Task to complete. Repeat exactly the lines of the records below, starting at the line containing "Türaußengriff vorne links NTY EZC-PE-066 Bild" and ending at the line containing "50 Edward J Roy Drive Manchester NH 03104". Leave the pictures out.

Supplied data.
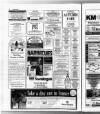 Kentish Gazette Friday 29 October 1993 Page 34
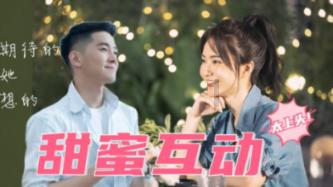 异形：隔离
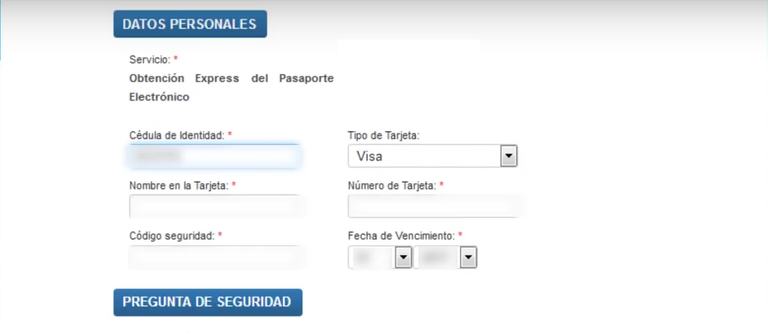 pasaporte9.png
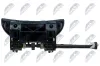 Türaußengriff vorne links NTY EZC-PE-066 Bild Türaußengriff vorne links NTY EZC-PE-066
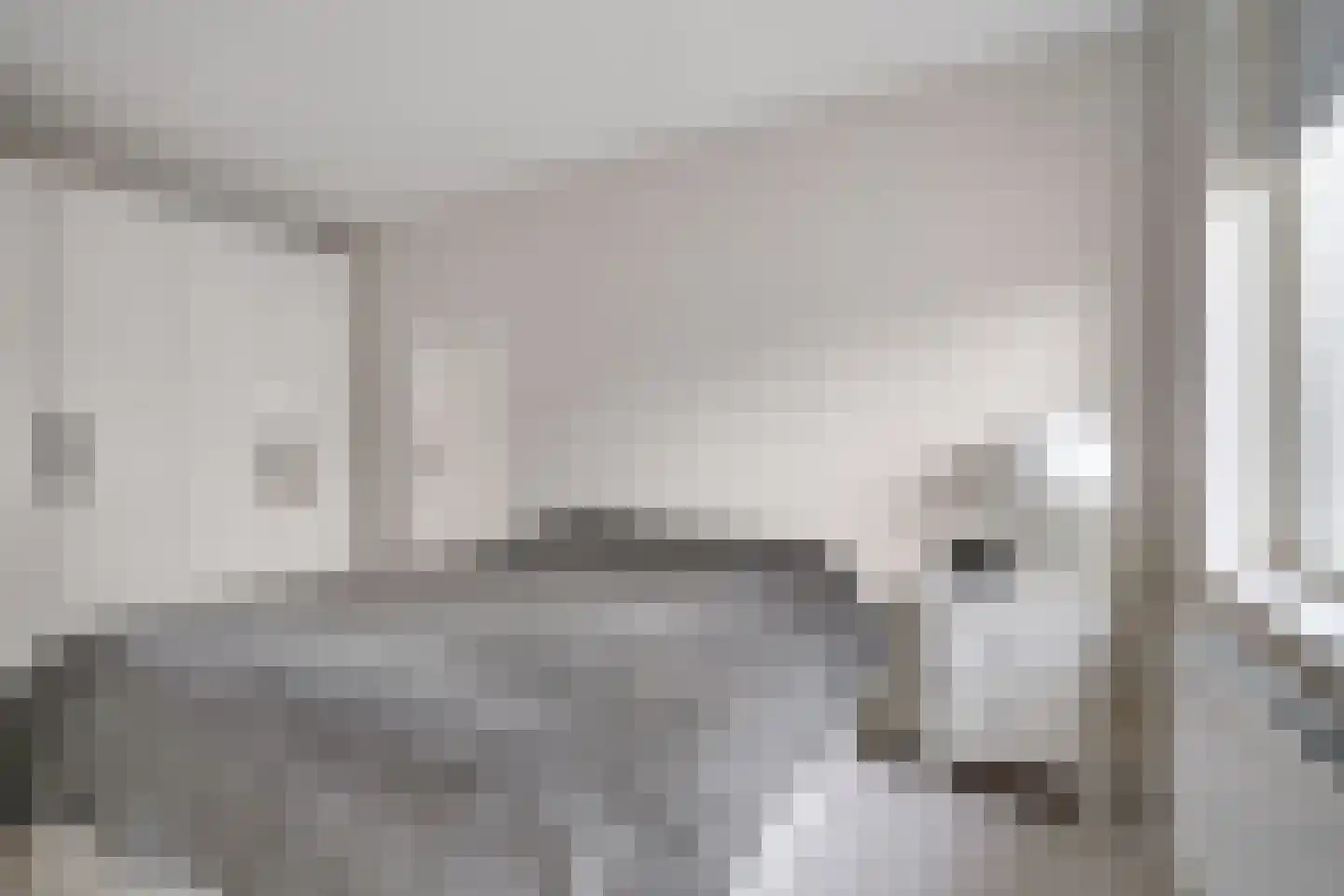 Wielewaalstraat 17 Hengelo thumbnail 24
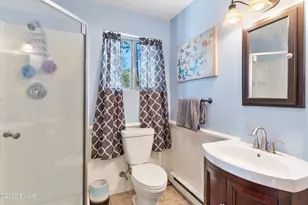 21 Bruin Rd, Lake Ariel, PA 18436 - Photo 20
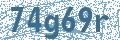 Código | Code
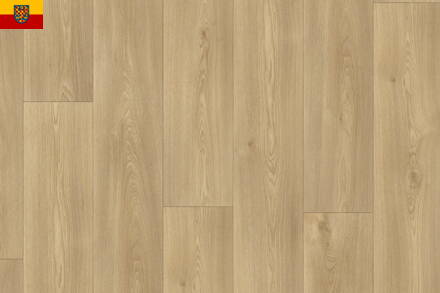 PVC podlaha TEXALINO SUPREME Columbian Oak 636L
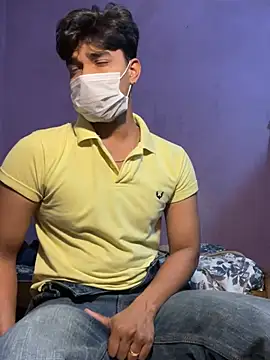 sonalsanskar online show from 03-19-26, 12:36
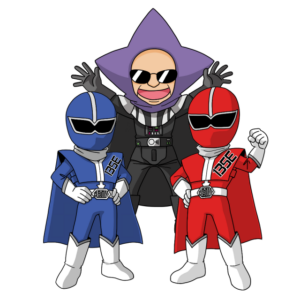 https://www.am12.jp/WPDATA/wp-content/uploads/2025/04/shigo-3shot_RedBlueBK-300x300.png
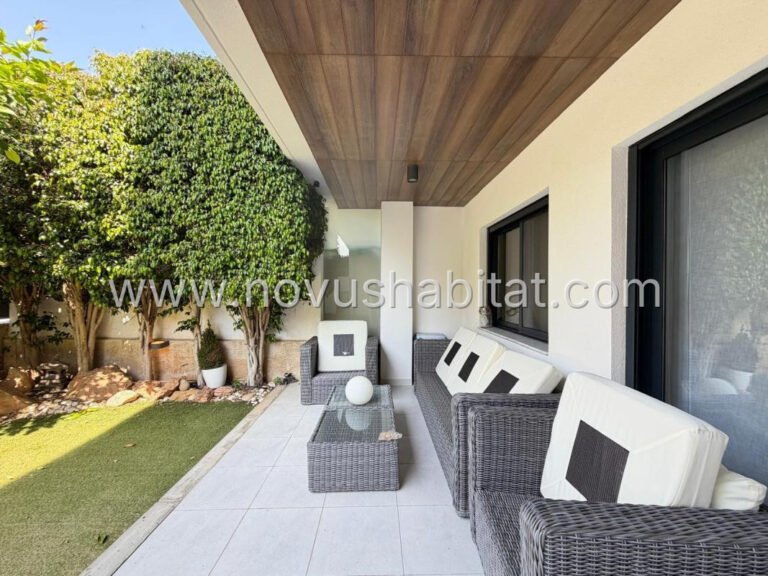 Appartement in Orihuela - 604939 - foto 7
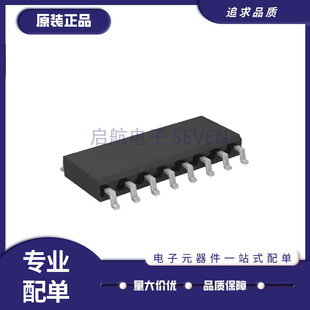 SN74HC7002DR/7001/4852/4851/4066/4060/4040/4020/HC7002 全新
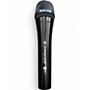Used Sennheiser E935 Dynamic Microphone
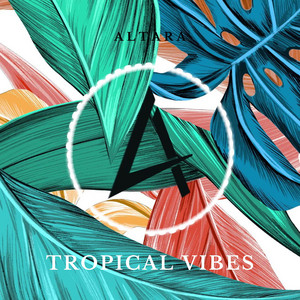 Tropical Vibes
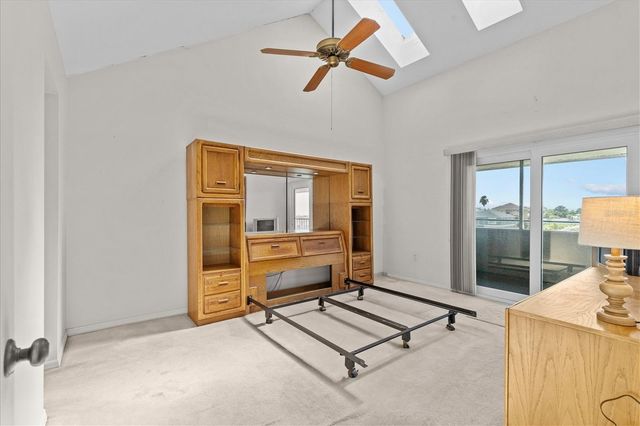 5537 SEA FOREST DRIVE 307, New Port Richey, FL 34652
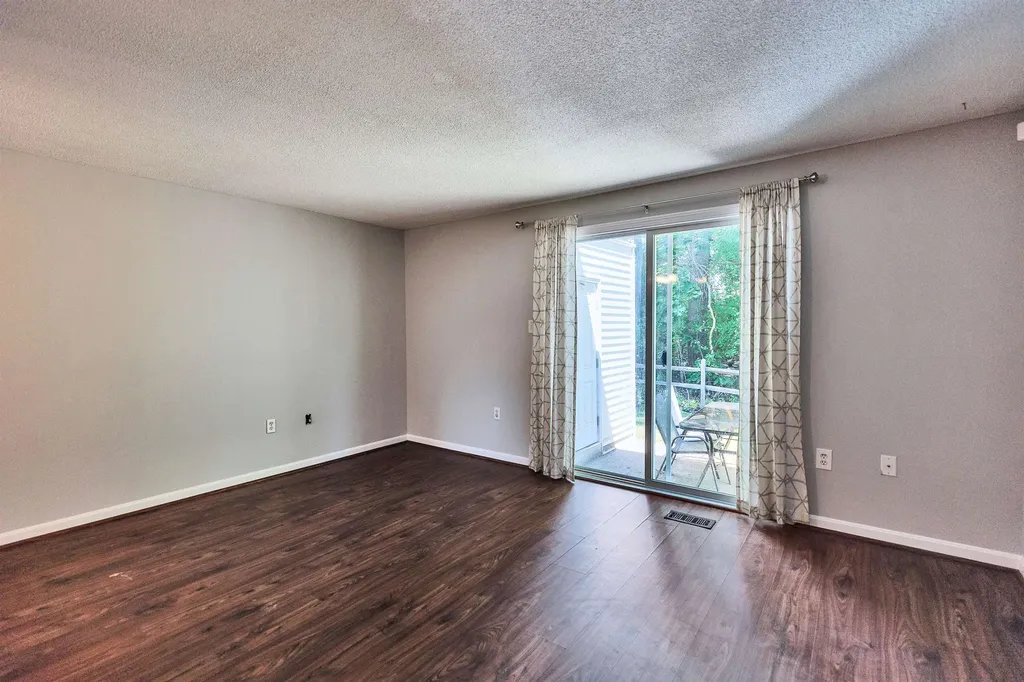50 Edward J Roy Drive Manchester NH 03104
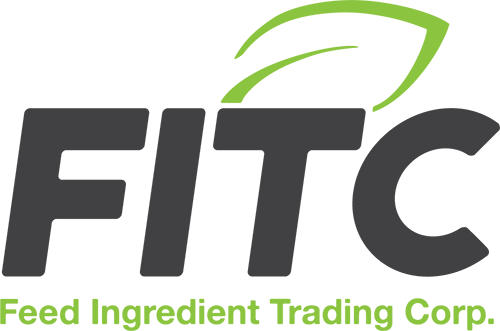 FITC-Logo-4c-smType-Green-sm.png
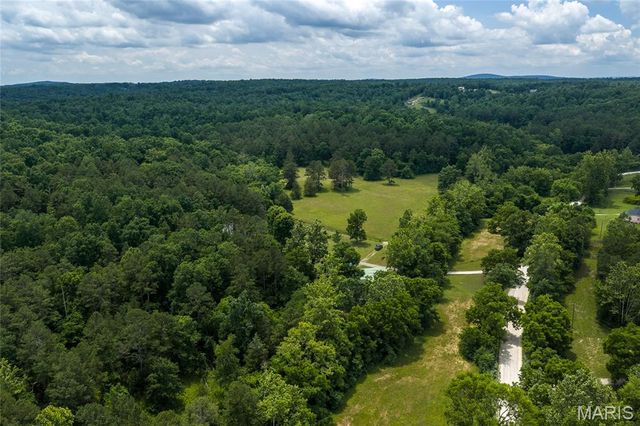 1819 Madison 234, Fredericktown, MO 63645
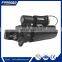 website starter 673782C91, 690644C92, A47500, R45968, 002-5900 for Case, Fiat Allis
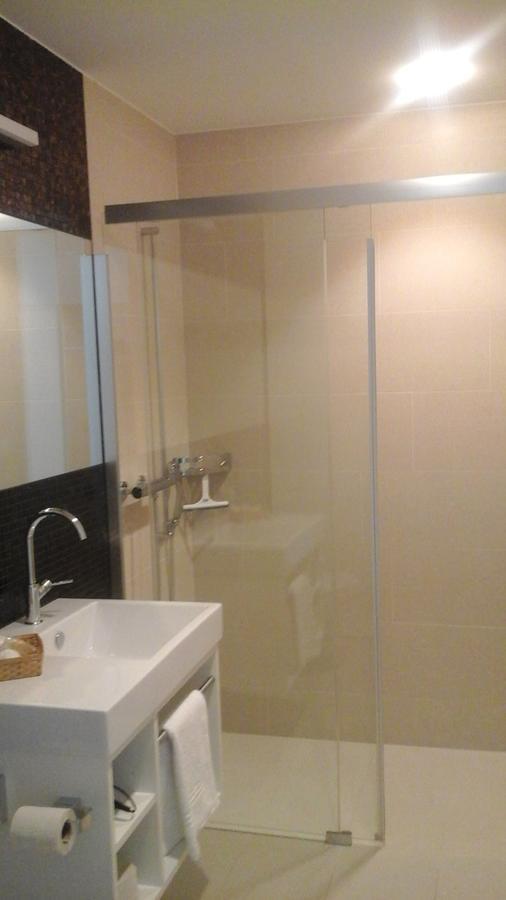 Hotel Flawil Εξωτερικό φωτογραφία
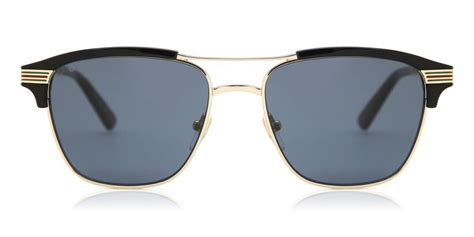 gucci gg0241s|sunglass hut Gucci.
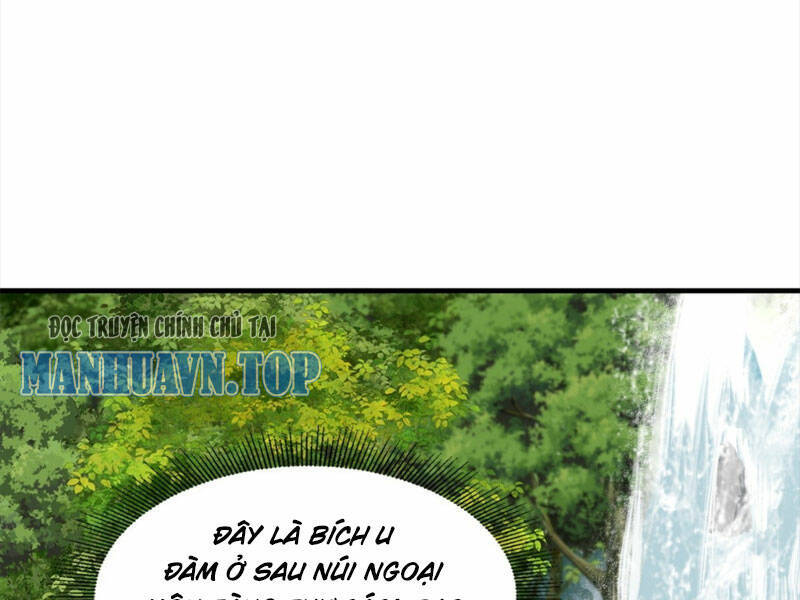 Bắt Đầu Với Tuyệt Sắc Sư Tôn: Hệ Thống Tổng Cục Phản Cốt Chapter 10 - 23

Response box.
 Türaußengriff vorne links NTY EZC-PE-066 Bild Türaußengriff vorne links NTY EZC-PE-066
 Wielewaalstraat 17 Hengelo thumbnail 24
 21 Bruin Rd, Lake Ariel, PA 18436 - Photo 20
 Código | Code
 PVC podlaha TEXALINO SUPREME Columbian Oak 636L
 sonalsanskar online show from 03-19-26, 12:36
 https://www.am12.jp/WPDATA/wp-content/uploads/2025/04/shigo-3shot_RedBlueBK-300x300.png
 Appartement in Orihuela - 604939 - foto 7
 SN74HC7002DR/7001/4852/4851/4066/4060/4040/4020/HC7002 全新
Used Sennheiser E935 Dynamic Microphone
 Tropical Vibes
 5537 SEA FOREST DRIVE 307, New Port Richey, FL 34652
50 Edward J Roy Drive Manchester NH 03104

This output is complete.